L'Express comme le Nouvel Observateur de cette semaine sont dédiés au soixante-dixième anniversaire de la révolution d'Octobre. Evidemment le plus stupéfiant dans cette sinistre période de l'histoire, c'est que le monde y ait cru si longtemps et en dépit de tout, avec tant de passion et d'enthousiasme. Je pense que, dans l'histoire universelle, il n'y a rien eu de simultanément plus tragique et de plus dérisoire que cette croyance, cette décision de croire, cet aveuglement opiniâtre. C'est pourtant là une preuve que, dans le monde, seul le /rêve/ et puissant et efficace. Lorsque le rêve divin disparaît en l'homme, celui-ci se précipite sur le rêve démoniaque. C'est pourquoi on ne peut lutter contre le rêve, le mensonge démoniaques, qu'à l'aide du rêve divin, d'un retour vers lui. Or, précisément, il s'est éventé, a perdu son sel, dans le christianisme historique, il s'est transformé en piété, en pratique religieuse, en une curiosité effarouchée pour la vie d'outre-tombe, etc. Le communisme continue malgré sa dégénérescence à prôner la révolution, à proposer de changer de vie. Le christianisme a trahi jusqu'à son propre langage, son essence qui est l'annonce de la bonne nouvelle : le Royaume de Dieu est proche, cherchez avant tout le Royaume de Dieu... Toutes ces considérations sont banales, on est fatigué de les répéter, et pourtant c'est là et uniquement là, dans cette trahison de /l'eschatologie/, que se trouve la cause du délitement du christianisme historique.
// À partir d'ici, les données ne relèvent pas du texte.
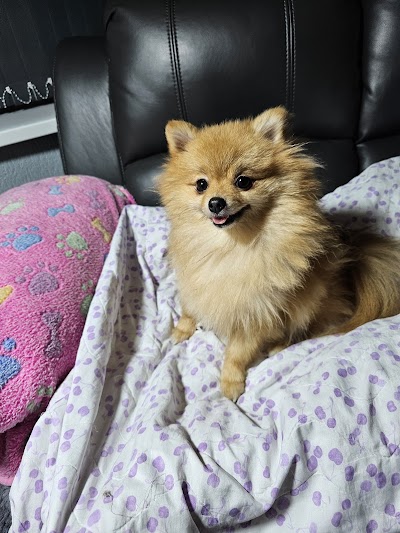 Grooming Van Image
Cet incendie universel attisé par le communisme le plus fastidieux qui soit (le communisme "de masse", etc.) en réalité, quel jugement terrible du christianisme est-ce !
27 janvier 1975.
A Hartford j'ai terminé "Les cahiers de la petite dame" : sur la période communiste de Gide, son voyage en Russie, son désenchantement, etc. Une quintessence de la naïveté occidentale d'une part ("la pureté de Staline") et d'autre part une attirance "freudienne" pour "l'homme fort", le désir de se donner à un solide gaillard. Ainsi le culte en Occident de tous les Mao, Castro et avant eux, Staline n'est explicable qu'à partir de cette pathologie. Et puis toujours, au fond, la même déception : le gaillard sent trop fort - Gide fait machine arrière, saisi de peur. Et il y a cette autre chose, mille fois démontrée : la capacité des intellectuels occidentaux d'échafauder des arguments à partir de rien, à élaborer sur tous les sujets de savantes théories. Le champion en la matière, c'est Sartre. C'est une maladie fortement ancrée à l'Ouest : l'incapacité, le refus de voir la vérité, et même plus - la certitude qu'ils (les intellectuels occidentaux) connaissent le secret de l'approche objective de la réalité. Spirituellement, l'Occident ne peut pas ne pas périr ; sa perte est déjà consommée, et il se décompose.